Master Thornett ordered that Emma Louise Johnson’s claim be transferred to the small claims track, having narrowly decided against simply striking it out.
Ms Johnson sued Eastlight Community Homes, a provider of low-cost social housing, after her name, email address and recent rent payments were accidentally disclosed to another tenant.
Her details appeared on three pages of a document that was nearly 7,000 pages long and the breach was remedied in less three hours.
The defendant told Ms Johnson about the error and that the recipient had deleted the information. It reported the breach to the Information Commissioner’s Office, even though it did not think this was necessary, and the commissioner did not take any action.
Ms Johnson nonetheless instructed solicitors Pure Legal, which has been a leading firm for data breach litigation until it recently went into administration.
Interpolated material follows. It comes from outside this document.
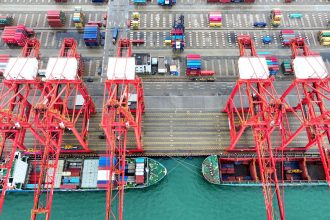 A cargo ship moors at the container terminal berth of Lianyungang Port for loading and unloading containers in Lianyungang City, Jiangsu Province, China, on May 9, 2025.
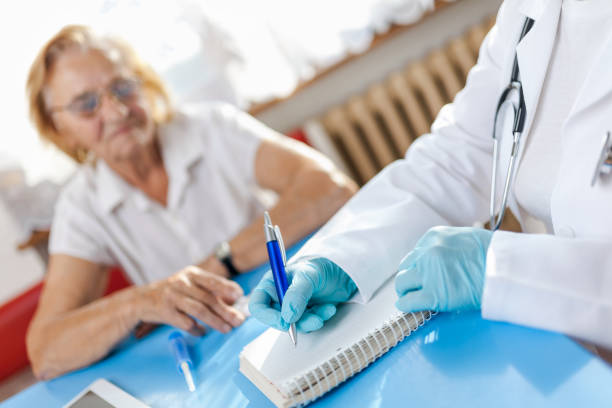 istock Senior woman during a medical exam with practitioner 1131785652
Its Precedent H said it had so far incurred £15,000 in costs and gave a total figure of just over £50,000.
The defendant applied to strike out the claim or for summary judgment on the basis either that the claimant has suffered no loss or damage above the de minimis threshold or, even if they were more, the “game is not worth the candle” and so still ought to be struck out under the Jameel principle.
Master Thornett observed that the disclosed information “plainly was not of an obviously sensitive nature in itself”.
However, Ms Johnson said she had moved to her home three years earlier to escape an abusive relationship and had avoided making her new address public – while she acknowledged that the chances of her former partner receiving the information was extremely low, she said the thought of it left her “stressed, worried and very anxious”.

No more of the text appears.